Dion Bisara, Jakarta – President Joko "Jokowi" Widodo targets a narrower deficit in his 2020 state budget, staying true to his original vision of developing local talents to strengthen the domestic economy amid continued threats of global recession and trade wars.
The 2020 deficit is projected to reach Rp 307 trillion ($21.6 billion), or 1.76 percent of the country's gross domestic product, down from this year's 1.96 percent of the GDP.
Revenue is projected at Rp 2,222 trillion and spending at Rp 2,529 trillion. Most of the money will be spent on developing local talents, infrastructure development, social protection programs, decentralization and programs to counter global economic uncertainties, Jokowi said.
"Economic challenges are getting harder and more complex. The global economy is in a flux, some emerging markets are in crisis and some countries are facing fallout from negative growth," Jokowi said.
"We have to watch out for potential trade wars. Currency depreciation, such as those experienced by the Chinese yuan and the Argentine pesos, should be a reminder for us to be ever vigilant," he said.
Morgan Stanley said in its report early this month that escalating trade tensions have pushed corporate confidence and global growth to multi-year lows.
The global investment bank said if the United States increased tariffs to 25 percent for 4-6 months, and China retaliated, the world would enter recession by March next year.
But according to the bank, the Indonesian economy would be less impacted by the trade war and would still be able to grow by 5 percent this year and next year.
This is thanks to the country's large domestic market and Jokowi's structural reforms – revisions to the labor law, new electric vehicle regulation and corporate tax cuts – which have continued to attract investors, Morgan Stanley said.
Jokowi shows he is even more optimistic by assuming a 5.3 percent growth next year, higher than this year's target of 5.2 percent. Assuming higher growth allows for a higher tax revenue projection, but also runs the risk of widening the deficit if the growth target is missed.
"A state budget that was too expansive in the current global economic condition would be imprudent. This proposed state budget is quite rational for the government to maintain confidence," Raden Pardede, an economist at Creco Consulting, told BeritaSatu on Friday.
The government's other budget assumptions include inflation at 3.1 percent, the rupiah at 14,400 per US dollar and the interest rate on three-month government bill at 5.4 percent.

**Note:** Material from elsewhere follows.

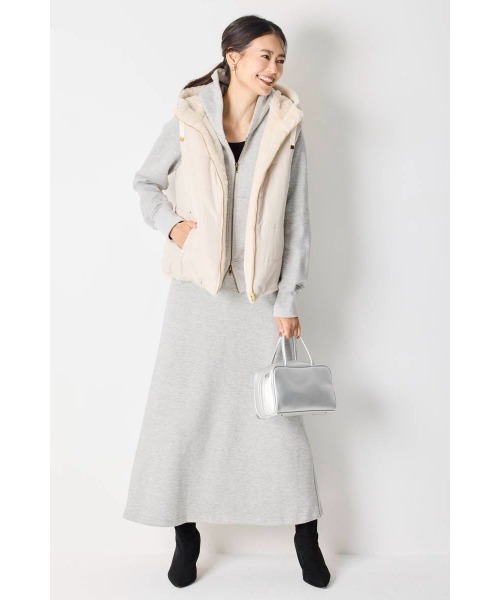 M.deux(エムドゥ)の「●《セットアップ対応》裏起毛パーカー●/ジップパーカー(パーカー・レディース・グレー/ブラック・MEDIUM)」の8枚目の写真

The price of Indonesian crude oil is projected to be around $65 per barrel, with oil and gas production at, respectively, 734,000 barrels and 1.19 million barrels of oil equivalent per day.
Top human capital
Earlier in the day, Jokowi laid out his vision to transform Indonesia into a developed country by relying on a new generation of top talents to achieve it.
"We need science and technology to allow us to overtake other nations. We need top talents who are hardworking and deeply believe in the [state ideology] Pancasila," Jokowi said.
Jokowi also proposed to increase the education budget to Rp 505.8 trillion in 2020, up 30 percent from 2015.
Jokowi said the government will revamp its teacher training and certification system, while continuing to provide scholarships to 20.1 million highschool students and introduce a new college scholarship for 818,000 students from poor families.
"To help young people and job seekers to learn new skills, the government will run the pre-employment card program, which will allow them to learn the skill they want, from coding, data analytics, graphic design, accounting, foreign languages, barista skill, agribusiness to operating heavy machinery," Jokowi said.
The government plans to spend Rp 132 trillion on healthcare next year, double the amount in 2015. The focus of its healthcare program will be stunting prevention and reducing the maternal mortality rate.
Jokowi also promised a "total overhaul" of the state health insurance scheme (BPJS Kesehatan), which has suffered from growing deficits in the past few years.